Lors du Conseil des ministres du 16 novembre 2018, présidé par le Vice-président de la République, sur habilitation expresse de la Cour Constitutionnelle, 11 nominations qui ont été prononcées. Ces nominations sont tout simplement contraires à la Constitution. Et la Cour Constitutionnelle ne pouvait l’ignorer en approuvant les nominations parmi les points inscrits à l’ordre du jour de ce Conseil des ministres. Naturellement, les tenants du «réalisme politique» diront que les nominations ont été prononcées et les concernés ont pris leurs fonctions. Mais que répond la Cour Constitutionnelle à cette violation flagrante de la Constitution avec son autorisation formelle ?
Dans le cadre de la surprenante campagne de communication qui accompagne son action désormais politicienne, Madame Marie Madeleine MBORANTSOUO, s’exprimant sur la forme en qualité de Président de la Cour Constitutionnelle, a accordé une interview exclusive au magazine Jeune Afrique.
Nous ne reviendrons pas sur la nécessaire neutralité et l’absolue discrétion qui s’impose à certaines charges publiques. Cependant, chaque fois qu’une autorité prendra la responsabilité de se soustraire volontairement de ces obligations de neutralité et de discrétion pour exprimer son opinion et porter des jugements sur la classe politique, nous n’aurons d’autre choix que de participer à éclairer nos concitoyens.
Nous ne reviendrons pas non plus sur l’inconstitutionnalité du Conseil des ministres du 16 novembre 2018 et l’Impasse vers laquelle cette réunion conduisait. La campagne de communication pour justifier la triste décision n° 219/CC suffit à exprimer l’embarras des auteurs.
Nous aimerions néanmoins nous arrêter sur ce propos de Madame le Président de la Cour Constitutionnelle dans son interview de Jeune Afrique : «le président de la République sera bientôt capable de délivrer lui-même au vice-président les habilitations nécessaires pour assurer la continuité de l’État».

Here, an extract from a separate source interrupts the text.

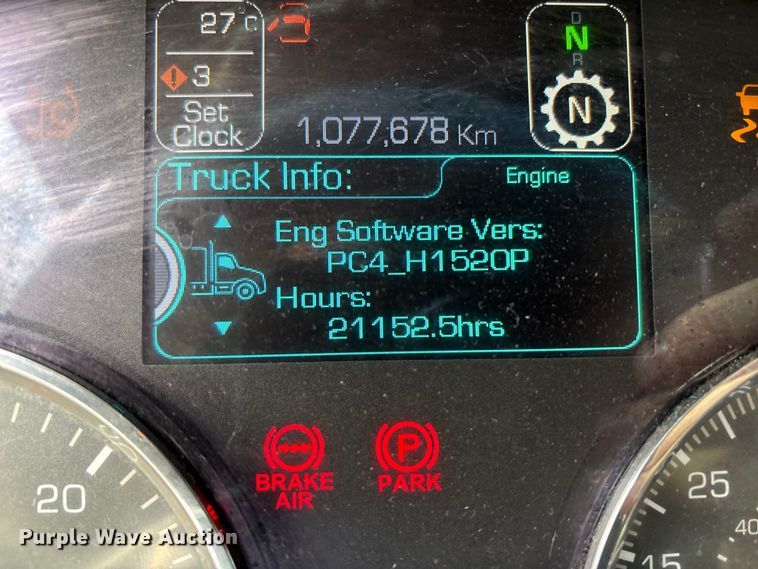 image for item YA2207 2020 Kenworth T680 semi truck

Comment sera-t-il possible d’assurer la continuité de l’État sans violer l’article 20 de la Constitution ? En d’autres termes, aucune nomination ne sera possible tant que le Chef de l’État en personne ne pourra présider le Conseil des ministres et prononcer les nominations conformément à l’article 20 de notre loi fondamentale. À moins que la Cour Constitutionnelle ne nous propose un nouvel amendement temporaire de la Constitution. Impasse pour impasse, nous y sommes.